WORK INSTRUCTION:
Find "Atatürk Üniversitesi Mimarlık" below and begin at its line; stop after the line with "Trio: carro + alcofa + ovo". Output those lines exactly, without pictures.

GIVEN RECORDS:
+++
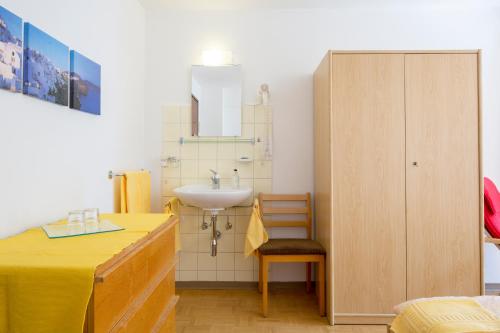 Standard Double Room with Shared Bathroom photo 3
+++
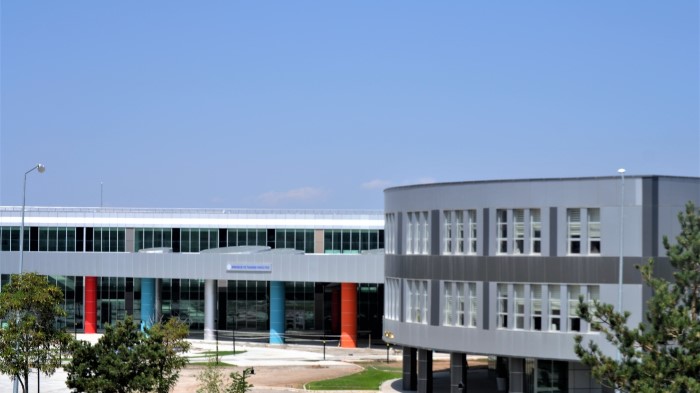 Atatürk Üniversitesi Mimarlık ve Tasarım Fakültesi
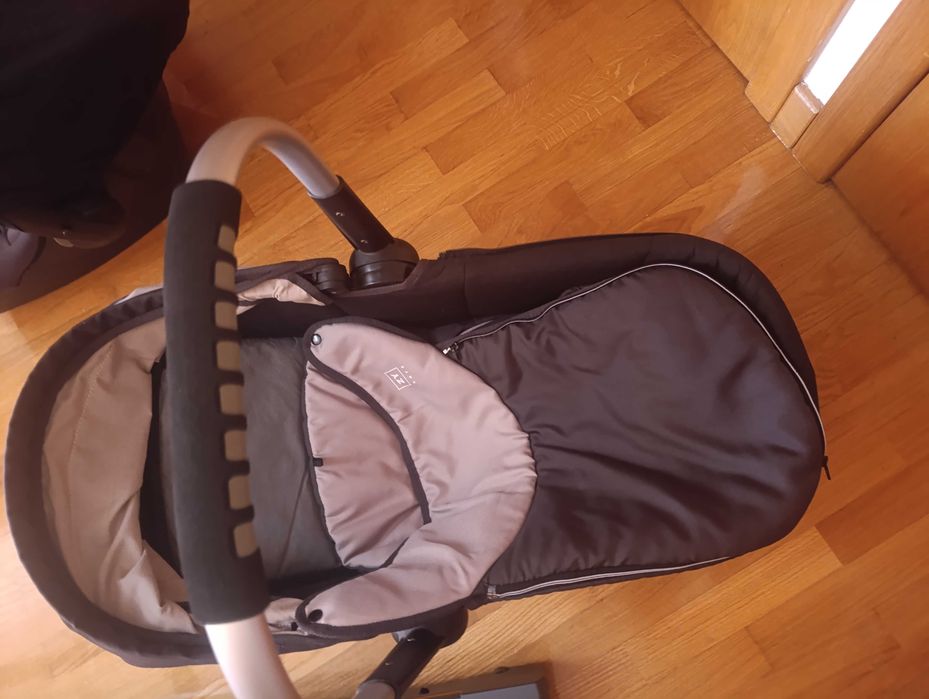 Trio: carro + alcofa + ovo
+++
THE COMPLETED TASK:
 Atatürk Üniversitesi Mimarlık ve Tasarım Fakültesi
 Trio: carro + alcofa + ovo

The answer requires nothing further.